Unlike the other restaurants in the group, it’s not branded San Carlo, “but essentially everybody knows it’s us,” says Marcello.
Once the pop-up is over, there are plans to create a permanent restaurant in the space, which will retain the British angle. “We’ll do something different that doesn’t cannibalise the other restaurants.”
Another factor that will decide in which direction the company moves in the coming years is Carlo himself. While Marcello says he’d like to push the brand into more far flung UK locations his father, who still visits every restaurant each week, wants the focus to be on city centres within easy reach. And it is Carlo who casts the deciding vote.
“If he retired tomorrow we would expand into areas he would never go to,” says
Marcello, with Edinburgh and Newcastle locations under consideration. “Until then we will open where he can get to. We are restricted by that. Things might be a little more relaxed, too,” he adds with a glint in his eye. And will Carlo ever retire? “No,” he says, mirroring the expression. “I’ll retire when I go.”

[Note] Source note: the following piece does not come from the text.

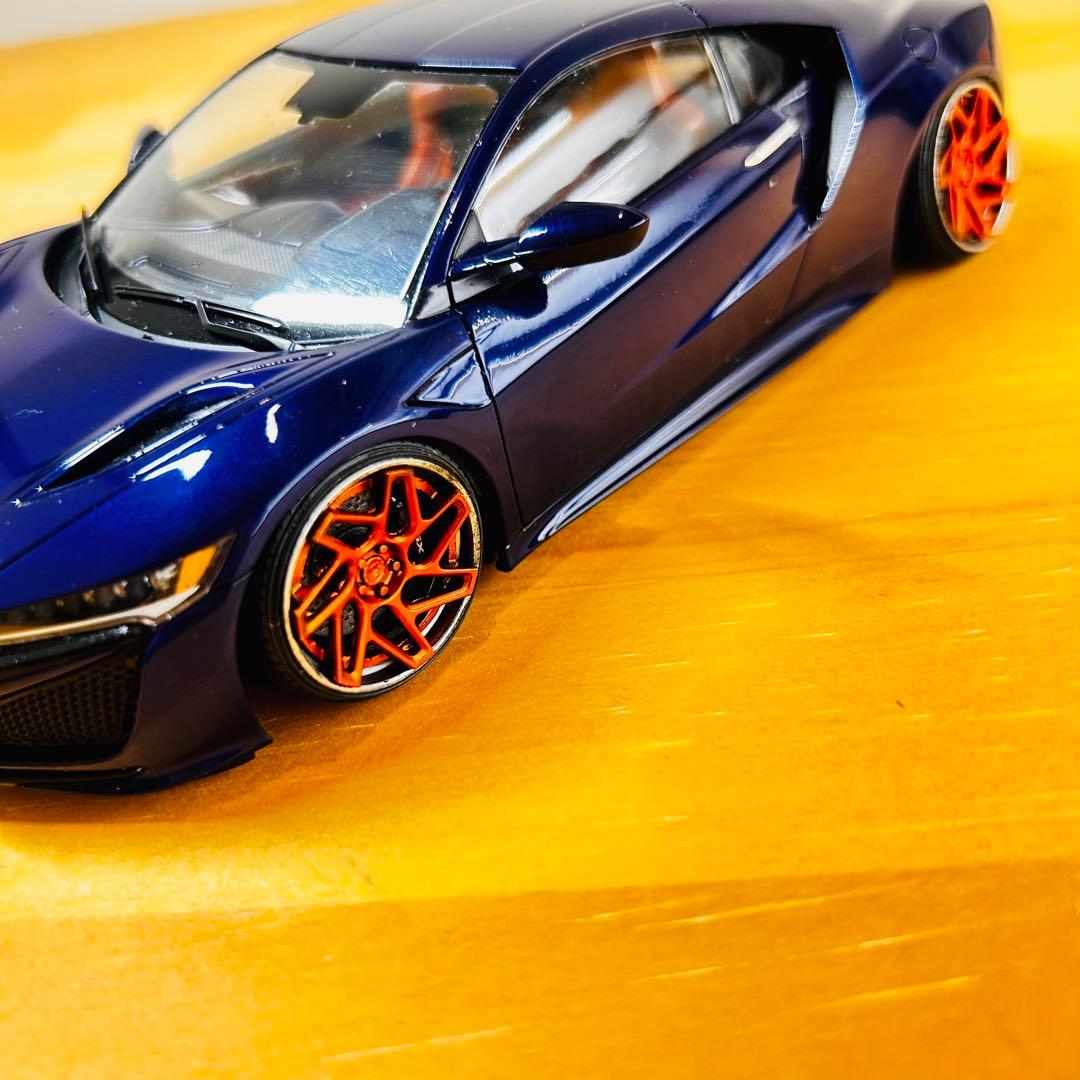 値引き！1/24タミヤ NSX Acura 左ハンドル仕様 アオシマ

There’s a feeling that some of the restaurant menus might become more streamlined should Marcello have total control. The flagship Manchester site has a menu “as big as the bible” according to Carlo, purely because he can’t bring himself to take any dishes off the menu and is continually adding new ones. Not only that, he expects new dishes to come on almost immediately, with his phone calls to his restaurants of a morning demanding a particular new dish be put on for lunch that day the stuff of legend. And yet you can’t argue with his approach. Manchester routinely takes £170,000 a week and on a match day it can do £50,000.
When Carlo eventually does retire, he’ll leave behind a business still very much family led. His daughter Sasha oversees marketing for the company and his younger son Alessandro runs Fumo in Manchester. Although one suspects this won’t mark the end of the gentle family disagreements. “When I get to my father’s age I’ll be just the same as him,” says
Marcello. Like father, like son, after all.